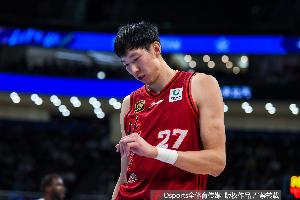 影响力巨大！周琦半场4中3拿到8分4板3助1帽 正负值+19最高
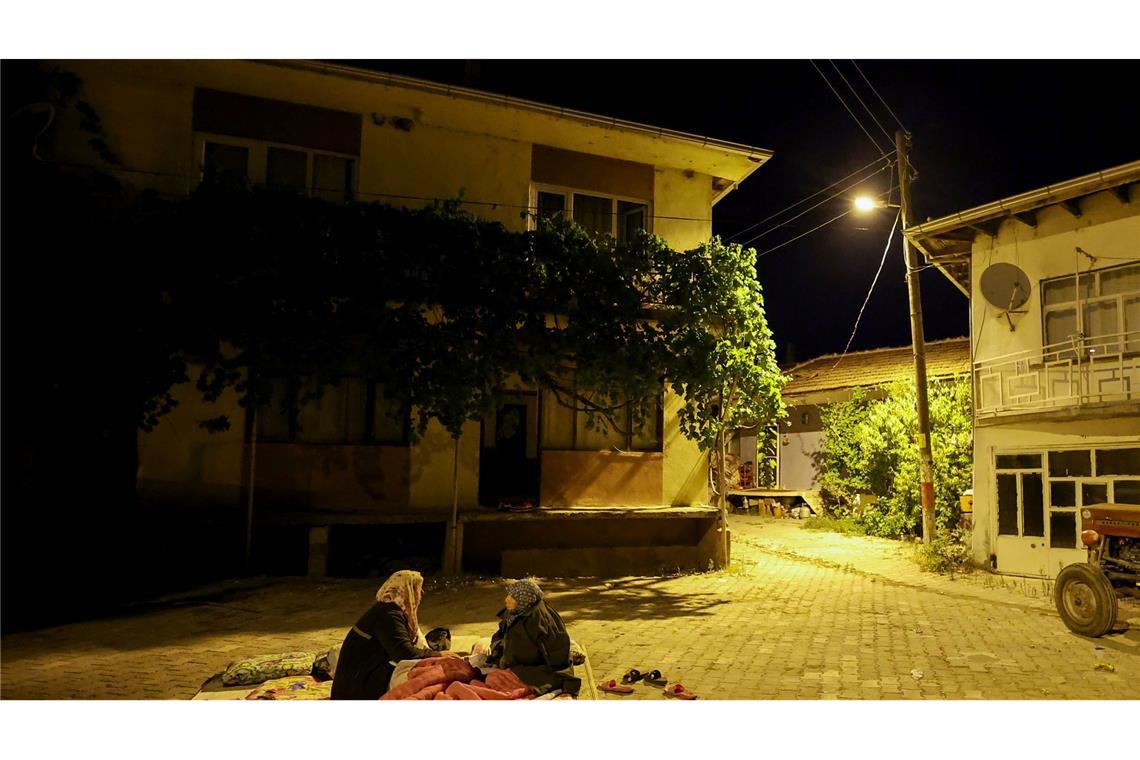 Menschen übernachten aus Angst vor Nachbeben im Freien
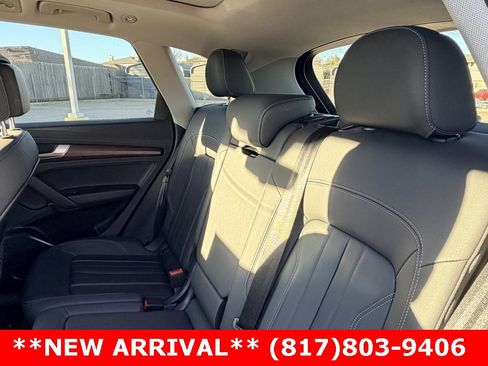 Used 2024 Audi Q5 2.0T Premium w/ Convenience Package image 11
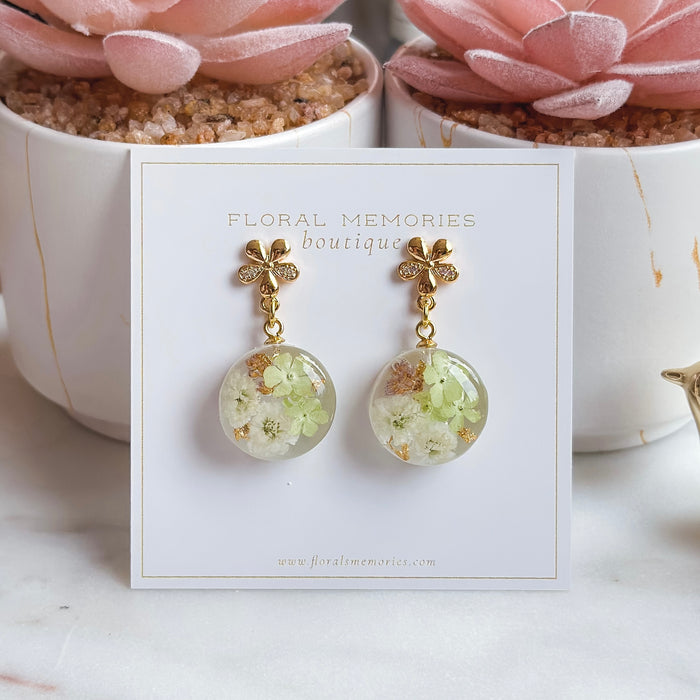 Flower Preservation Jewelry — Earrings – Small Round / Golden Steel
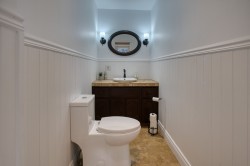 Powder room - 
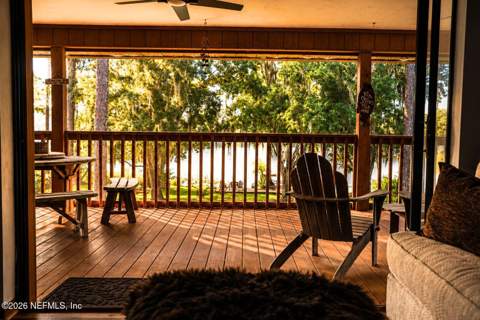303 Riley Lake Drive, Hawthorne FL - photo 9 of 68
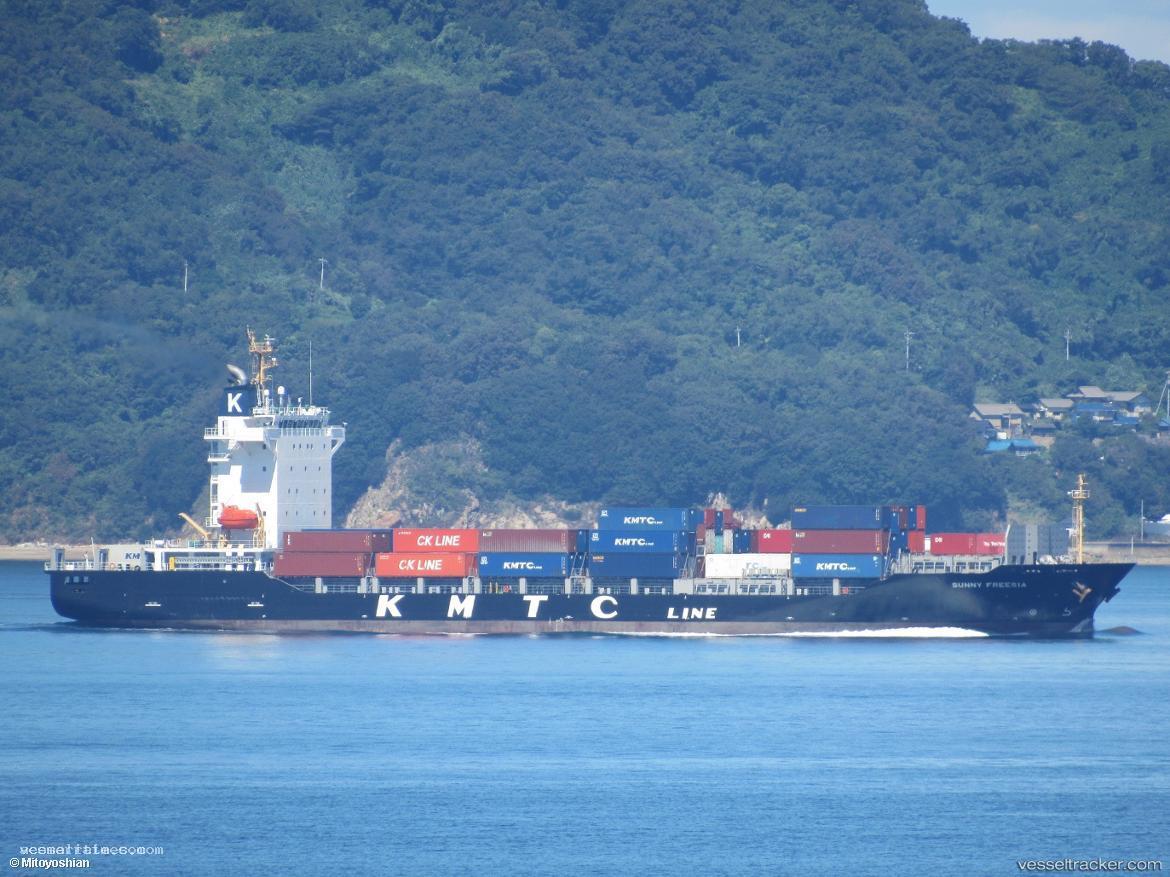 Sunny-Freesia - Container Ship vessel registered in Unknown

▸ **WHAT TO DO**: Write out the entries again, word for word. No images.

▸ **SOLUTION FOR THIS EXERCISE**:
 影响力巨大！周琦半场4中3拿到8分4板3助1帽 正负值+19最高
 Menschen übernachten aus Angst vor Nachbeben im Freien
 Used 2024 Audi Q5 2.0T Premium w/ Convenience Package image 11
 Flower Preservation Jewelry — Earrings – Small Round / Golden Steel
 Powder room - 
303 Riley Lake Drive, Hawthorne FL - photo 9 of 68
 Sunny-Freesia - Container Ship vessel registered in Unknown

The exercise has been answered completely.